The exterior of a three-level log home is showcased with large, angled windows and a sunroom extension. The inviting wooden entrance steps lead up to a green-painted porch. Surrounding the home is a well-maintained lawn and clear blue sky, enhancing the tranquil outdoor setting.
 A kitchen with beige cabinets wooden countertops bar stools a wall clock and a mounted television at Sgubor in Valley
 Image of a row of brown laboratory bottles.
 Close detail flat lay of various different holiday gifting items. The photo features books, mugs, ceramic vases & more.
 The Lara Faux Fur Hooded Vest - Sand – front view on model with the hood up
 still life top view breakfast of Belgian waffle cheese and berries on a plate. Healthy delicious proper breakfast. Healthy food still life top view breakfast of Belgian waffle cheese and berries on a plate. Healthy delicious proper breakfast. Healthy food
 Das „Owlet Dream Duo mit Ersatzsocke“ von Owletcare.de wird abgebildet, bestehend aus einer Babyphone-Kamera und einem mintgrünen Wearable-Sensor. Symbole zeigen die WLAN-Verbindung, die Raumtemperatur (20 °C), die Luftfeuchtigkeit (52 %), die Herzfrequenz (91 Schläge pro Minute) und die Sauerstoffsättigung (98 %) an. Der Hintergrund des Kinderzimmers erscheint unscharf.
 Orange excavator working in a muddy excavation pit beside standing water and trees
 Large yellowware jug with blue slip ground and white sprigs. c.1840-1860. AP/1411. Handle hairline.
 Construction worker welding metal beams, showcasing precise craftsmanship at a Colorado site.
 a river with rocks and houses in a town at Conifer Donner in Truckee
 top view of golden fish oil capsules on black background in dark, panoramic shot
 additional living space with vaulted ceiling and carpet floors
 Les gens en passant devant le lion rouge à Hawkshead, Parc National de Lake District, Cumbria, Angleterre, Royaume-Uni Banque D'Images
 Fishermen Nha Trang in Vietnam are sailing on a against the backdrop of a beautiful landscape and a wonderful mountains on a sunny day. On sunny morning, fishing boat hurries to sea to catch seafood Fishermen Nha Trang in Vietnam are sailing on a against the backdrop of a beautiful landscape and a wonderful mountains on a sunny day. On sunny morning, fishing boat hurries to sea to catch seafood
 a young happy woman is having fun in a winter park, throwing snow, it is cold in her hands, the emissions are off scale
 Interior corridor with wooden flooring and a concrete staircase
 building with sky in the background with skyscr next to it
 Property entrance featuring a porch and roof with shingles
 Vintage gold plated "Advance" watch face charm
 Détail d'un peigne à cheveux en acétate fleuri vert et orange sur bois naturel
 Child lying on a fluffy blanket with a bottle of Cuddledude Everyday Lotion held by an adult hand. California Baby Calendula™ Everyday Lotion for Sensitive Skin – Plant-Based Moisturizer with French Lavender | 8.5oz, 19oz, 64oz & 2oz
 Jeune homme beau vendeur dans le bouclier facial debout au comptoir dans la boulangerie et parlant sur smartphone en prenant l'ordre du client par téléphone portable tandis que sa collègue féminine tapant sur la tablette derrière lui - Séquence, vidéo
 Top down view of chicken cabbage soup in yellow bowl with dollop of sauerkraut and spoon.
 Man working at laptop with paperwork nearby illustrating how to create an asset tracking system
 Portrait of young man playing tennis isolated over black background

[THE TASK]: Each of the records should be written out precisely as given.

[TASK ANSWER]:
The exterior of a three-level log home is showcased with large, angled windows and a sunroom extension. The inviting wooden entrance steps lead up to a green-painted porch. Surrounding the home is a well-maintained lawn and clear blue sky, enhancing the tranquil outdoor setting.
 A kitchen with beige cabinets wooden countertops bar stools a wall clock and a mounted television at Sgubor in Valley
 Image of a row of brown laboratory bottles.
 Close detail flat lay of various different holiday gifting items. The photo features books, mugs, ceramic vases & more.
 The Lara Faux Fur Hooded Vest - Sand – front view on model with the hood up
 still life top view breakfast of Belgian waffle cheese and berries on a plate. Healthy delicious proper breakfast. Healthy food still life top view breakfast of Belgian waffle cheese and berries on a plate. Healthy delicious proper breakfast. Healthy food
 Das „Owlet Dream Duo mit Ersatzsocke“ von Owletcare.de wird abgebildet, bestehend aus einer Babyphone-Kamera und einem mintgrünen Wearable-Sensor. Symbole zeigen die WLAN-Verbindung, die Raumtemperatur (20 °C), die Luftfeuchtigkeit (52 %), die Herzfrequenz (91 Schläge pro Minute) und die Sauerstoffsättigung (98 %) an. Der Hintergrund des Kinderzimmers erscheint unscharf.
 Orange excavator working in a muddy excavation pit beside standing water and trees
 Large yellowware jug with blue slip ground and white sprigs. c.1840-1860. AP/1411. Handle hairline.
 Construction worker welding metal beams, showcasing precise craftsmanship at a Colorado site.
 a river with rocks and houses in a town at Conifer Donner in Truckee
 top view of golden fish oil capsules on black background in dark, panoramic shot
 additional living space with vaulted ceiling and carpet floors
 Les gens en passant devant le lion rouge à Hawkshead, Parc National de Lake District, Cumbria, Angleterre, Royaume-Uni Banque D'Images
 Fishermen Nha Trang in Vietnam are sailing on a against the backdrop of a beautiful landscape and a wonderful mountains on a sunny day. On sunny morning, fishing boat hurries to sea to catch seafood Fishermen Nha Trang in Vietnam are sailing on a against the backdrop of a beautiful landscape and a wonderful mountains on a sunny day. On sunny morning, fishing boat hurries to sea to catch seafood
 a young happy woman is having fun in a winter park, throwing snow, it is cold in her hands, the emissions are off scale
 Interior corridor with wooden flooring and a concrete staircase
 building with sky in the background with skyscr next to it
 Property entrance featuring a porch and roof with shingles
 Vintage gold plated "Advance" watch face charm
 Détail d'un peigne à cheveux en acétate fleuri vert et orange sur bois naturel
 Child lying on a fluffy blanket with a bottle of Cuddledude Everyday Lotion held by an adult hand. California Baby Calendula™ Everyday Lotion for Sensitive Skin – Plant-Based Moisturizer with French Lavender | 8.5oz, 19oz, 64oz & 2oz
 Jeune homme beau vendeur dans le bouclier facial debout au comptoir dans la boulangerie et parlant sur smartphone en prenant l'ordre du client par téléphone portable tandis que sa collègue féminine tapant sur la tablette derrière lui - Séquence, vidéo
 Top down view of chicken cabbage soup in yellow bowl with dollop of sauerkraut and spoon.
 Man working at laptop with paperwork nearby illustrating how to create an asset tracking system
 Portrait of young man playing tennis isolated over black background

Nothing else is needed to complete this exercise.